## The problem
Extract only the lines from the start of the entries below to the line with "海南省乡镇GDP_海南省地图", inclusive; omit every picture.

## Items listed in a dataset
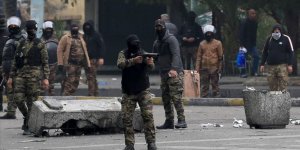 Bağdat'ta İki Gösterici Gerçek Mermiyle Öldürüldü
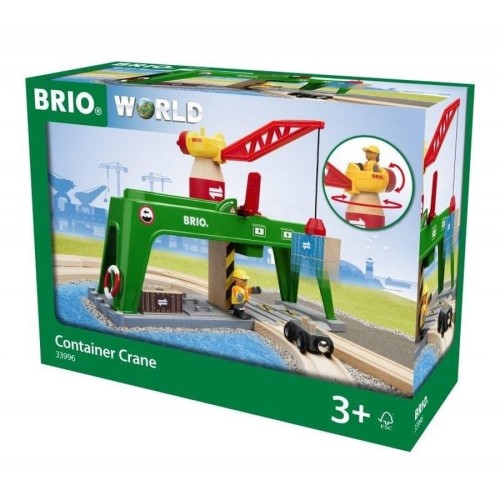 Brio, контейнерный кран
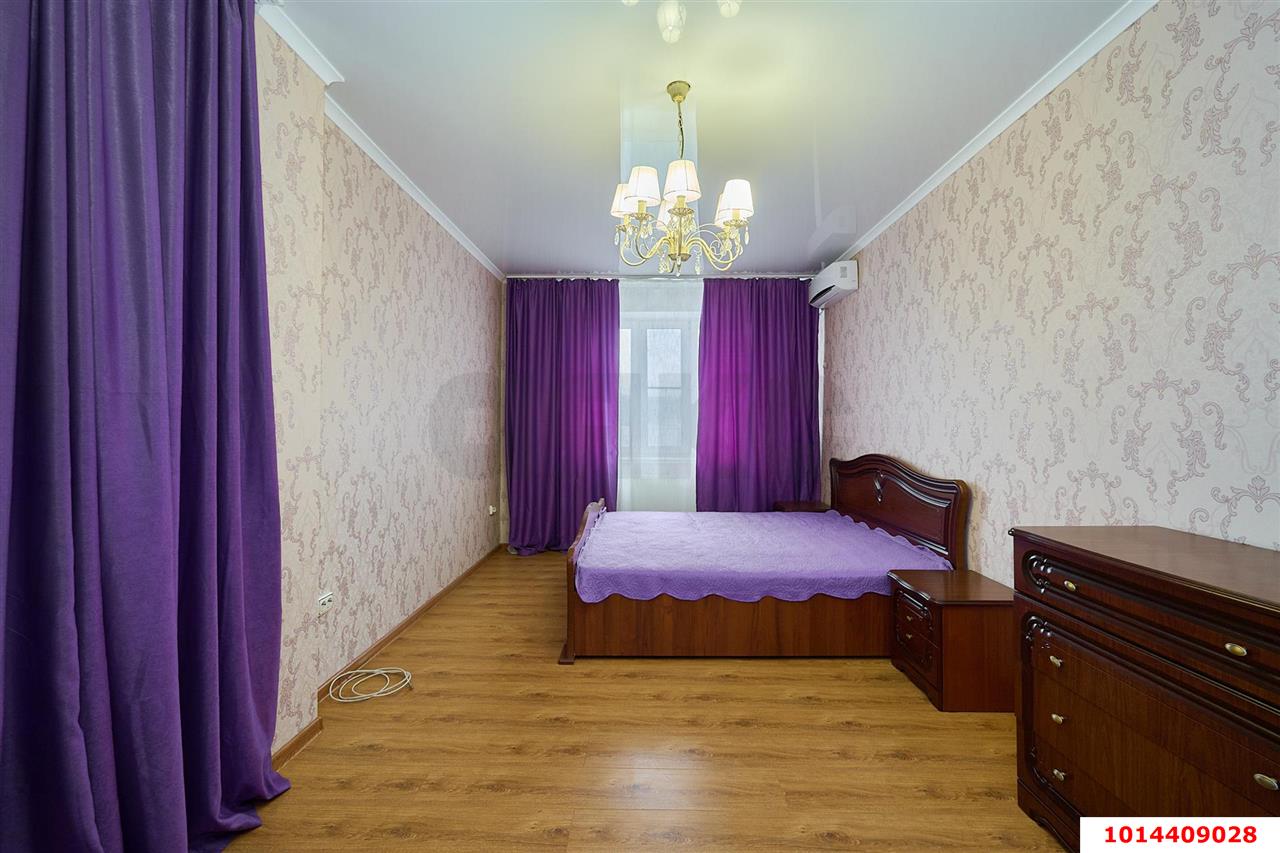 Фото №6: 2-комнатная квартира 66&nbsp;м², 4/9&nbsp;эт. - Краснодар, Прикубанский внутригородской округ, Музыкальный, мкр. имени Петра Метальникова, ул. Петра Метальникова, 13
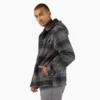 Giacca a camicia dalla vestibilità comoda Giacca a camicia dalla vestibilità comoda
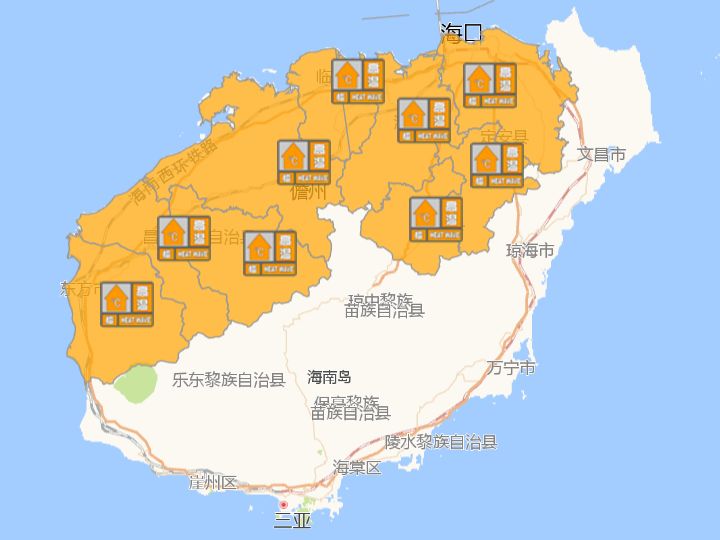 海南省乡镇GDP_海南省地图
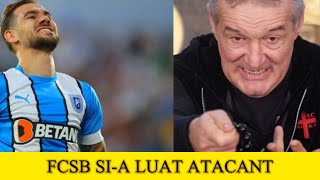 Gigi Becali a anunțat transferul atacantului Elvir Kjolic de la Universitatea Craiova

## Answer for this exercise
 Bağdat'ta İki Gösterici Gerçek Mermiyle Öldürüldü
 Brio, контейнерный кран
 Фото №6: 2-комнатная квартира 66&nbsp;м², 4/9&nbsp;эт. - Краснодар, Прикубанский внутригородской округ, Музыкальный, мкр. имени Петра Метальникова, ул. Петра Метальникова, 13
 Giacca a camicia dalla vestibilità comoda Giacca a camicia dalla vestibilità comoda
 海南省乡镇GDP_海南省地图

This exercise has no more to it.